In the records below, find the line with "航拍深圳福田CBD深圳市民中心金融街近景 推", then retype it and every following line exactly, stopping after the line with "Locatie op kaart". Leave the pictures out.

*** EXTRACTED RECORDS Section Begins ***

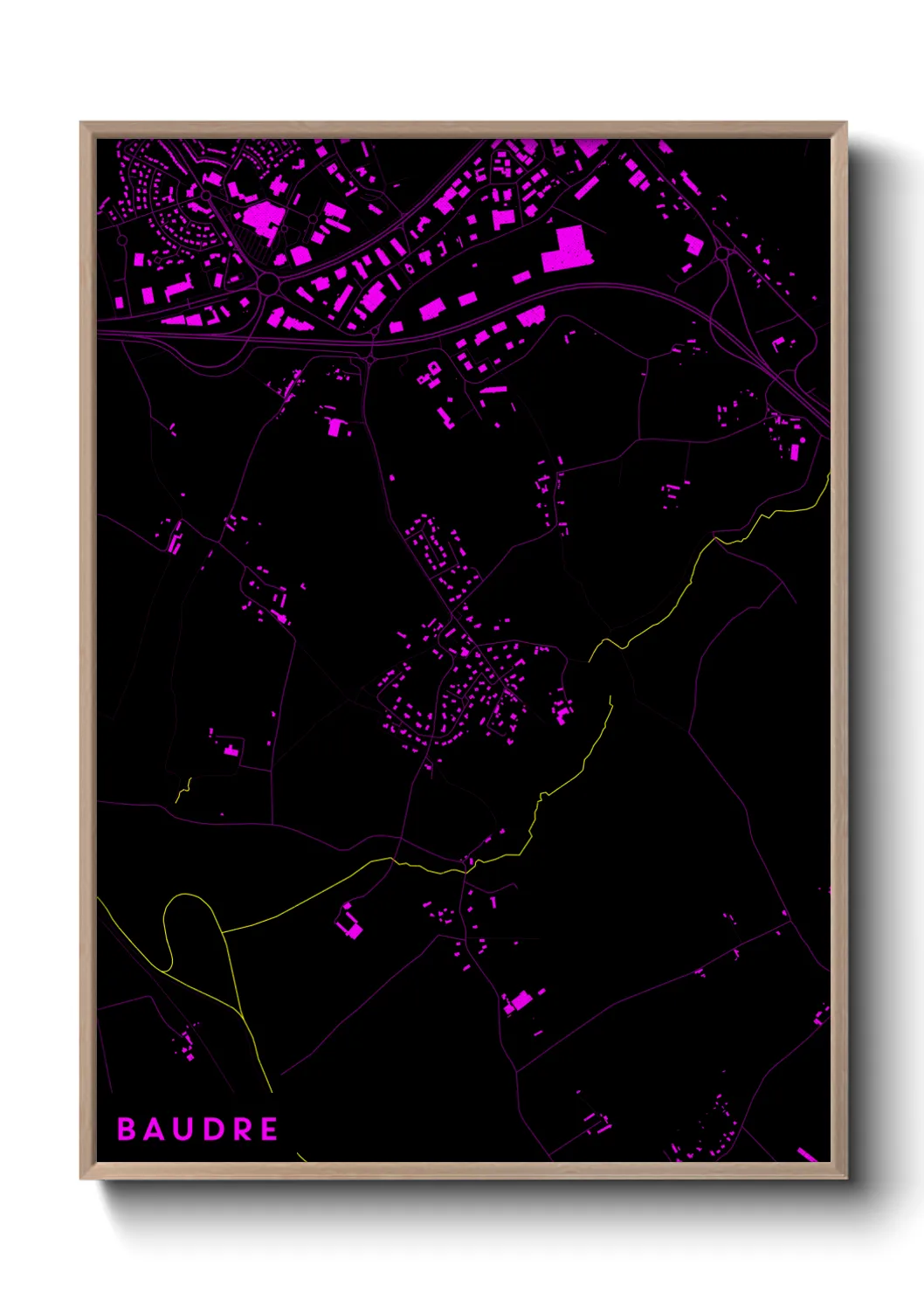 Une affiche de carte sur Baudre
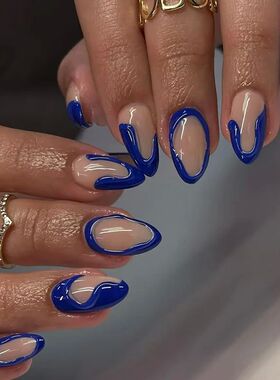 24Pcs Blue French Fake Nails Short Almond Nails Set Press on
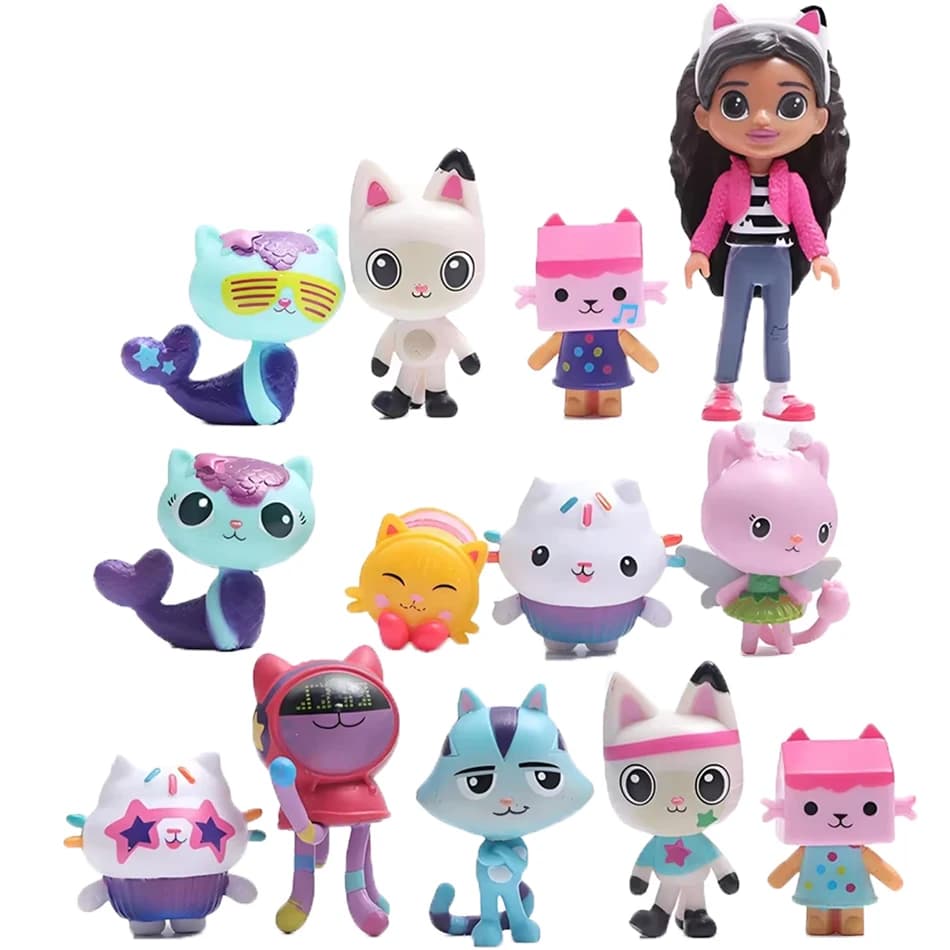 # Set di 13 Personaggi Anime di Gabby Dollhouse: Auto, Gatto Sorridente, Bambola Gaby, Regalo per Bambini, Giocattolo per Natale e Compleanno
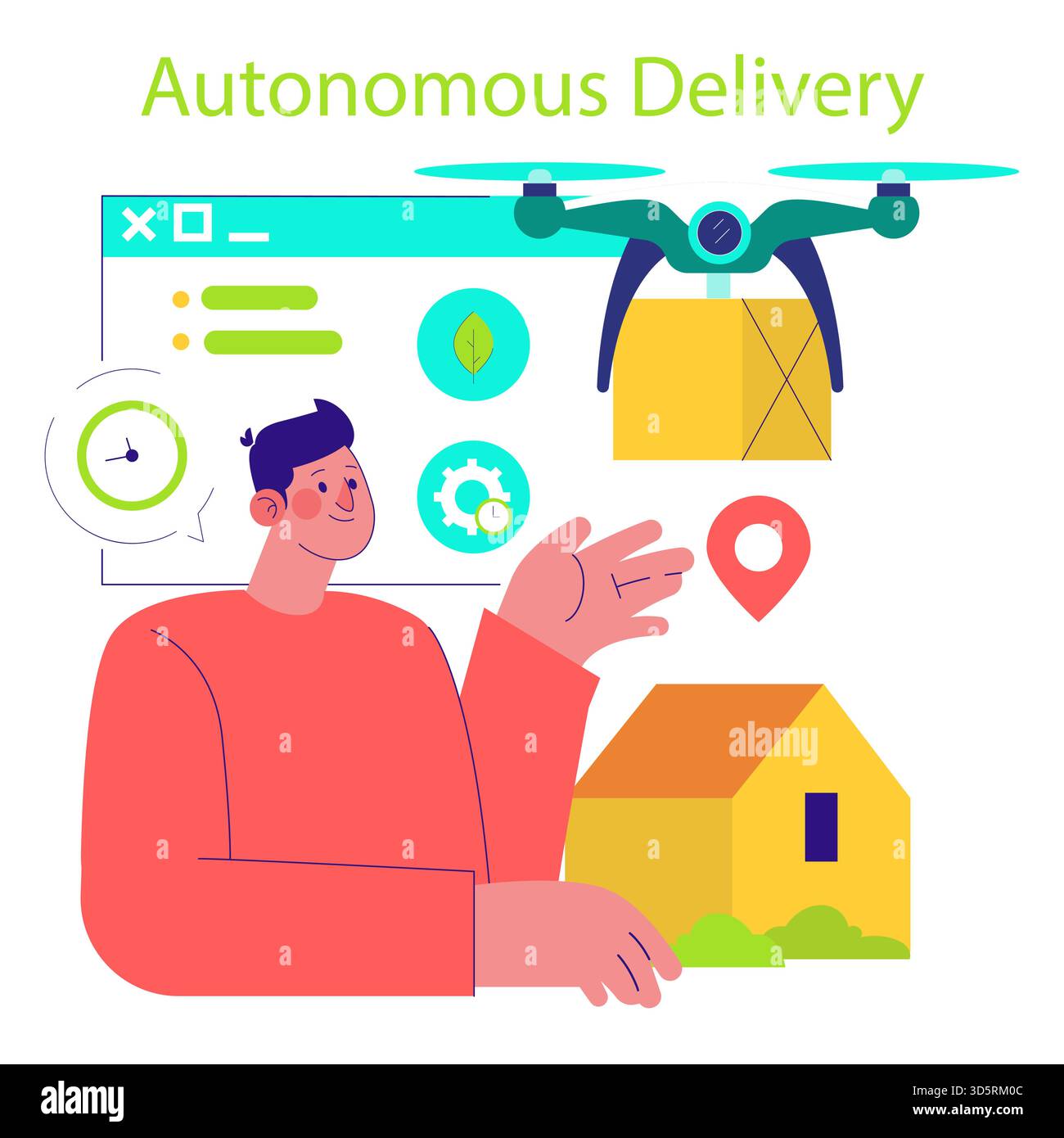 Vektordarstellung einer autonomen Trägerdrohne mit einem Paket. Eine Person interagiert mit einer digitalen Schnittstelle, die die Lieferverfolgung und Logistik anzeigt. Betont Innovation und Effizienz. Stock Vektor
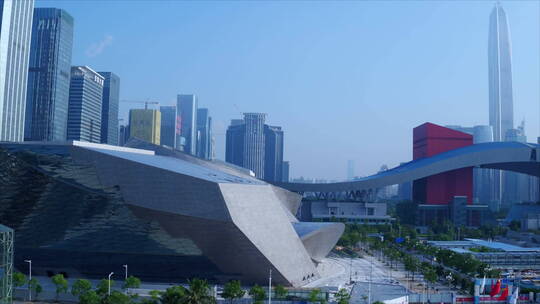 航拍深圳福田CBD深圳市民中心金融街近景 推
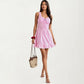 Sleeveless Gingham Mini Dress with Tie Front Bodice and Ruffle Hem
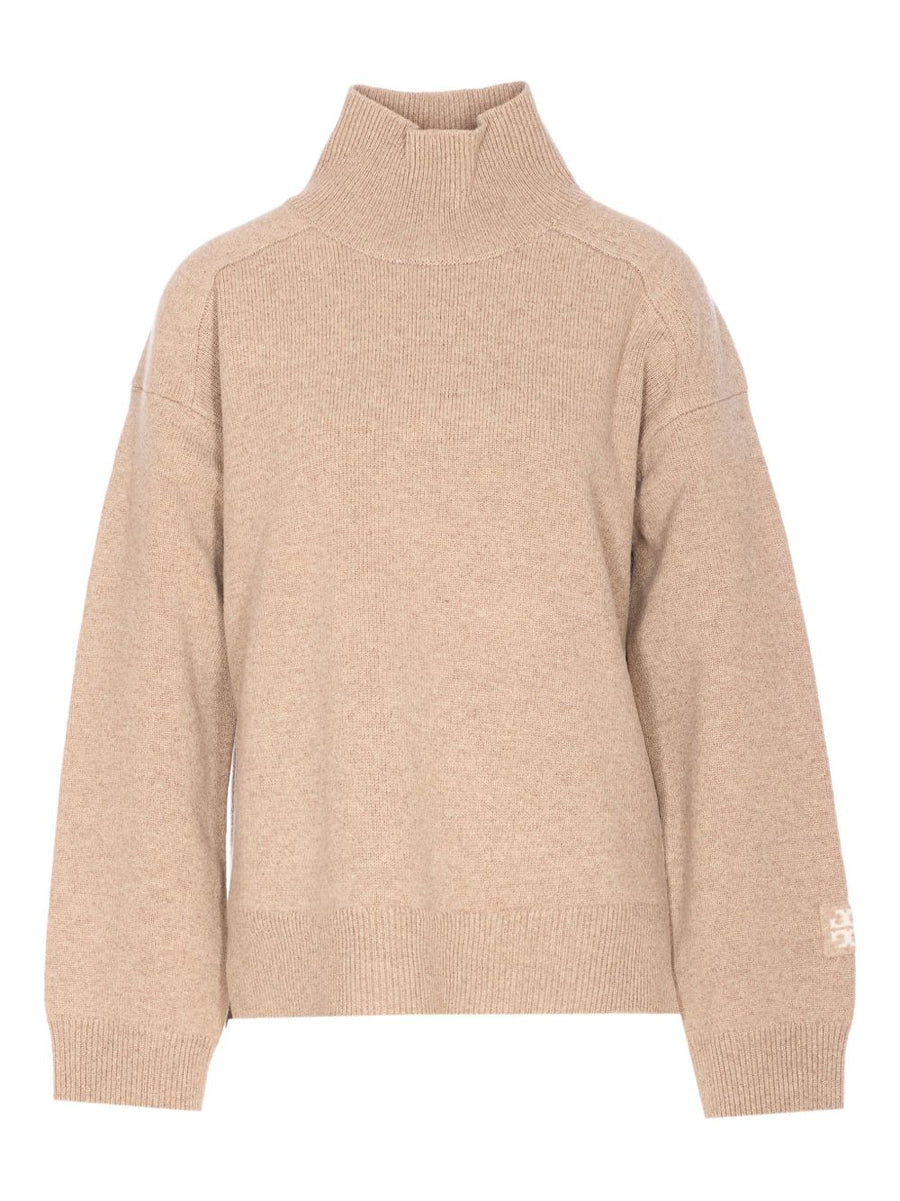 Tory Burch Beige Wool Turtle Neck Jumper For Women 100 Percent Wool With Embroidered Logo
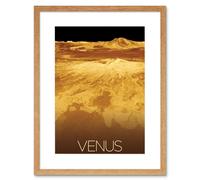 Artery8 Wall Art Print NASA Our Solar System Venus Planet Sapas Mons Artwork Framed 9X7 Inch in Beige | Size: W7" x H9" Artery8 Beige W7" x H9"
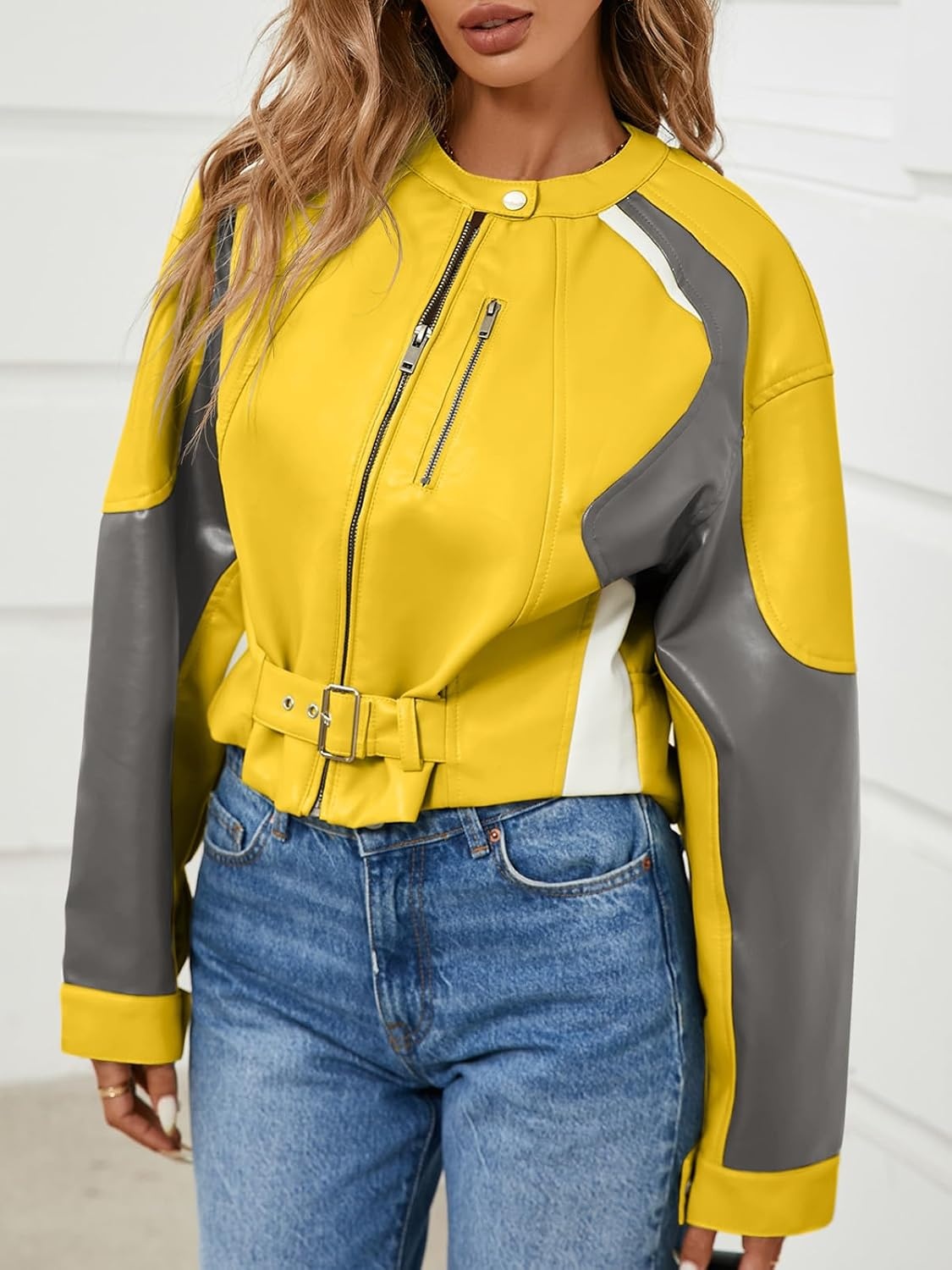 image:imageTankaneo Womens Faux Leather Bomber Jackets Cropped Fall Moto Biker Coats Zip Up Color Block CasualYellow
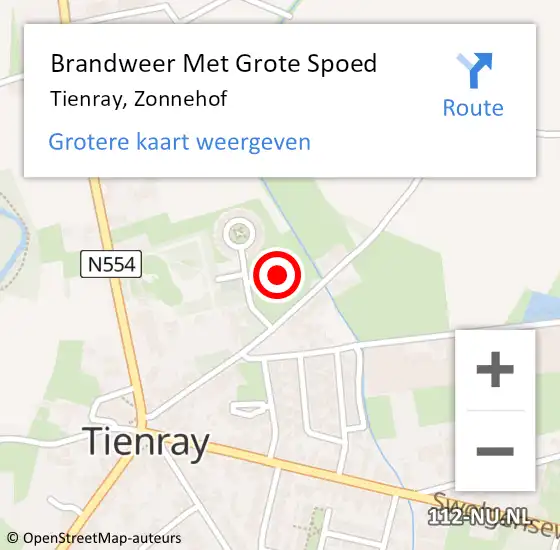 Locatie op kaart van de 112 melding: Brandweer Met Grote Spoed Naar Tienray, Zonnehof op 18 december 2021 07:39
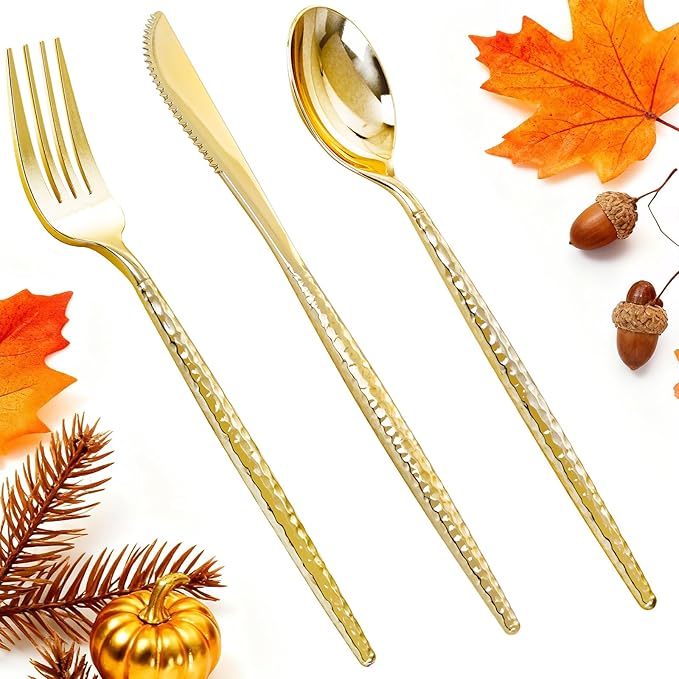 Rubtlamp 90Pcs Thanksgiving Gold Plastic Silverware, Gold Disposable Thanksgiving Utensils, Hammered Plastic Silverware, Gold Plastic Forks And Spoons Set Include 30 Forks, 30 Knives,30 Spoons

*** EXTRACTED RECORDS Section Ends ***

▸ **RESPONSE BELOW**:
 航拍深圳福田CBD深圳市民中心金融街近景 推
 Sleeveless Gingham Mini Dress with Tie Front Bodice and Ruffle Hem
 Tory Burch Beige Wool Turtle Neck Jumper For Women 100 Percent Wool With Embroidered Logo
 Artery8 Wall Art Print NASA Our Solar System Venus Planet Sapas Mons Artwork Framed 9X7 Inch in Beige | Size: W7" x H9" Artery8 Beige W7" x H9"
 image:imageTankaneo Womens Faux Leather Bomber Jackets Cropped Fall Moto Biker Coats Zip Up Color Block CasualYellow
 Locatie op kaart van de 112 melding: Brandweer Met Grote Spoed Naar Tienray, Zonnehof op 18 december 2021 07:39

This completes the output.